I watched that trailer and…something's in the water. It's August, the TV hits reruns, and here comes My Mother's Wedding—a grown‑up family dramedy that's more than another rom‑com masquerading as one. Trailer opens with that pointed line: “What has happened to our mother? Why on earth would she choose him?” And suddenly, you're right there, at that dinner table, feeling the prick of awkward.
Heartstrings & History
Kristin Scott Thomas—yes, the face we've known for decades—makes her feature directorial debut, based on a script she co‑wrote with John Micklethwait. The first whisper of this film, then called North Star, came at TIFF in September 2023. Critics dubbed it “heartfelt and funny,” but also noted uneven pacing. It then fell silent—no wide release, no fanfare, nothing.

Trailer Vibes
The new trailer? Tender, yet sharp. Scarlett Johansson, Sienna Miller and Emily Beecham play sisters Katherine, Victoria and Georgina—returning for their twice‑widowed mother Diana's third wedding. The words “revisit the past and confront the future” mean more than open‑room banter; weight lurks behind each embrace. A colorful cameo‑capable wedding ensemble adds levity—droll, odd, maybe surprising.
Death, Memory & Animation
There's talk of animated flashbacks—echoing grief through stylized visuals—much like memory in This Is Where I Leave You. Scott Thomas apparently mined personal history as a jumping‑off point—a detail TIFF spotlighted.
What's At Stake?
You can feel the shift in tone. It's not just “third wedding” trope; it's a reckoning with what's been lost, what remains. And given its lukewarm ~28% RT score from Toronto? That trailer needs to do heavy lifting—and it kinda does.
Release Plans
Mark your calendar: the film (now titled My Mother's Wedding) opens theatrically in select U.S. cinemas on August 8, 2025. Exactly two months from now. The debut—via Vertical—could re‑ignite interest beyond the TIFF whispers.

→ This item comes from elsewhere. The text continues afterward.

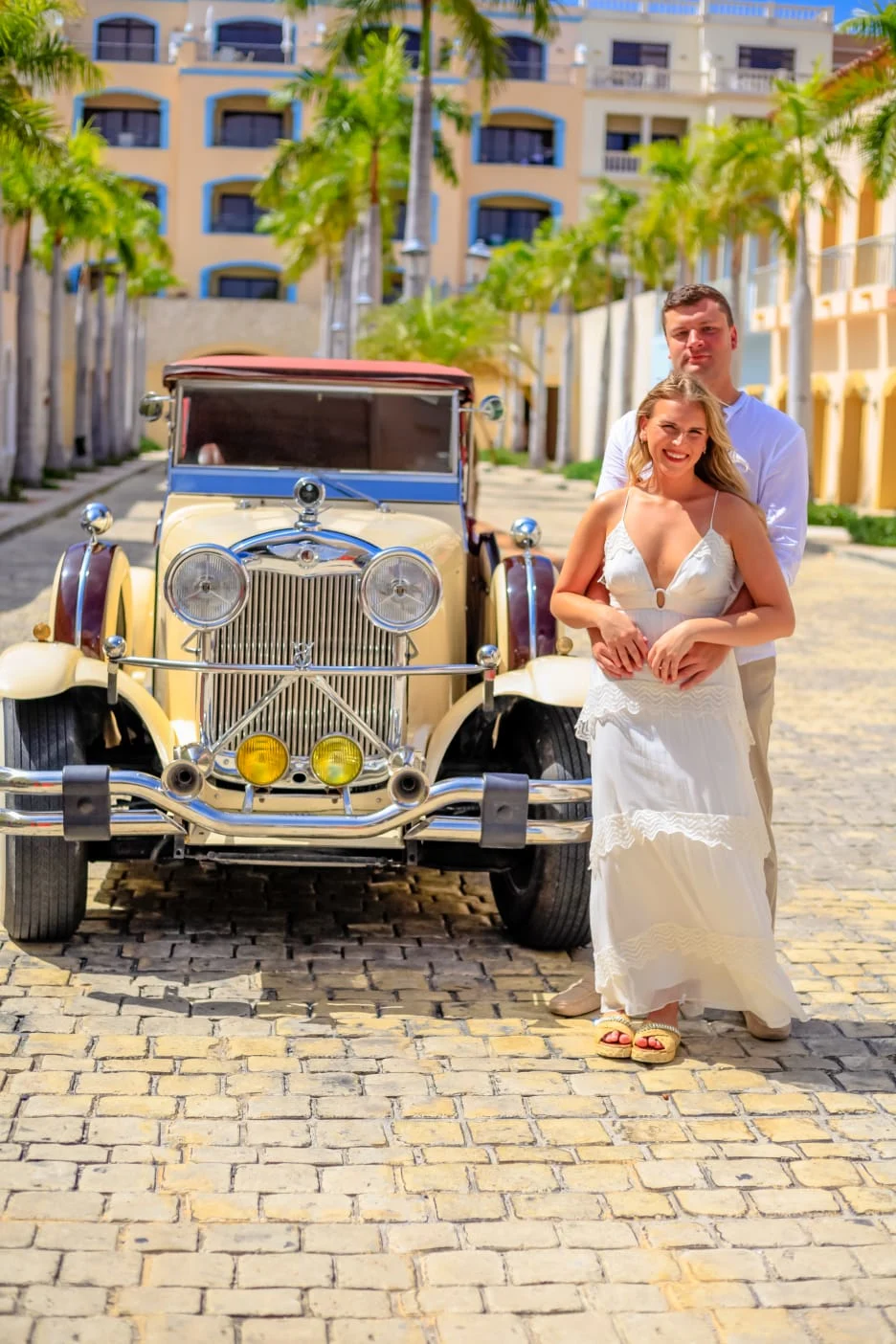 Couple enjoying a romantic marriage proposal setup in Punta Cana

So…is this trailer delivering on a late‑summer family film that feels different? I'm leaning yes. It's not perfect—tone treads that thin line between cliché and heartfelt—but something about watching those sisters circle their mother, half‑smiling, half‑guarded, feels real. And isn't that what we want at 40‑plus? Stories that don't treat grief and new beginnings like separate channels, but mess them together, messy and human?